From Truthout
Shortly after Joe Biden took office, the president delivered a speech at the U.S. Department of State, declaring, "I want the world to hear today: America is back". Diplomacy is back at the center of our foreign policy... By leading with diplomacy, we must also mean engaging our adversaries and our competitors diplomatically, where it's in our interest, and advance the security of the American people."
Instead of de-escalation with China, we are witnessing an enormous U.S. military buildup through massive military exercises in the Pacific.
A huge, 17,000 personnel, U.S. military land exercise named Talisman Sabre is now going on in Australia, causing much concern to many people there.

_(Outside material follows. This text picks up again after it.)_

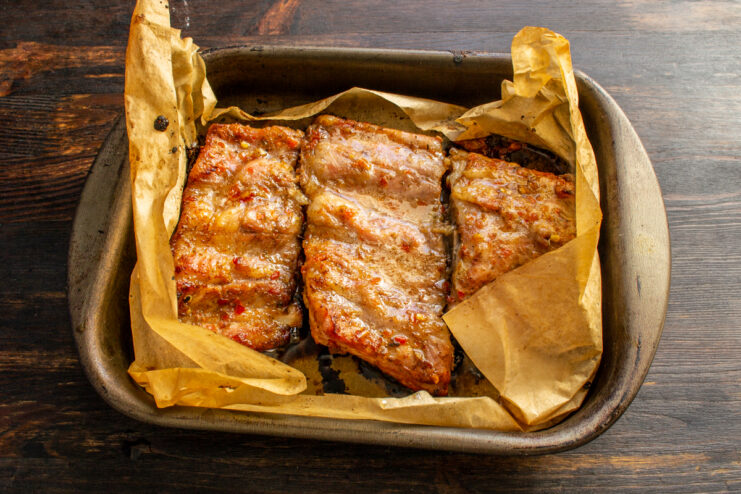 Glazed ribs ready for the broiler Honey-glazed pork ribs in a baking dish right before the final broil.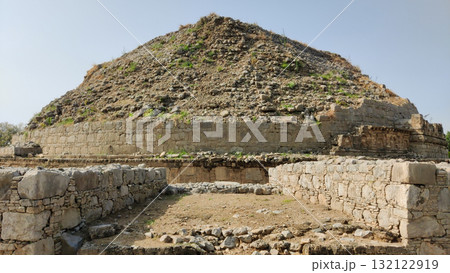 Panoramic view of Dharmarajika Stupa with ancient Buddhist ruins in Taxila Panoramic view of Dharmarajika Stupa with ancient Buddhist ruins in Taxila 132122919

Talisman Sabre 2021 involves practice for amphibious assaults, movement of heavy vehicles, use of live ammunition, and the use of U.S. nuclear-powered and nuclear-weapon-capable vessels
Annette Brownlie, chairperson of the Independent and Peaceful Australia Network said:
"Talisman Sabre is a threat to the [Great Barrier] reef and to the environment. ...The objective of Talisman Sabre is to integrate the Australian military further into the U.S. military, which is ranked among the world's worst polluters and is the world's greatest organizational consumer of oil. ...Let us not forget that during Talisman Sabre in 2013, the U.S. jettisoned four unarmed bombs on the Great Barrier Reef when they had difficulty dropping them on their intended target, Townshend Island."
Additionally, in mid-July, 25 F-22 stealth jet fighters (a remarkable number), 10 F-15 E Strike Eagles and two C-130J cargo planes have flown into Guam, a U.S. territory, and Tinian Island in the Northern Marianas, one of two U.S. commonwealths, as a part of "Pacific Iron 2021." This maneuver is described by the Honolulu Star-Advertiser newspaper as a key part of the "kick down the door" force for a possible conflict with China. Retired Lt. General Dan Leaf, a former deputy commander of the U.S. Pacific Command, said he was not aware of a previous exercise using this many F-22s.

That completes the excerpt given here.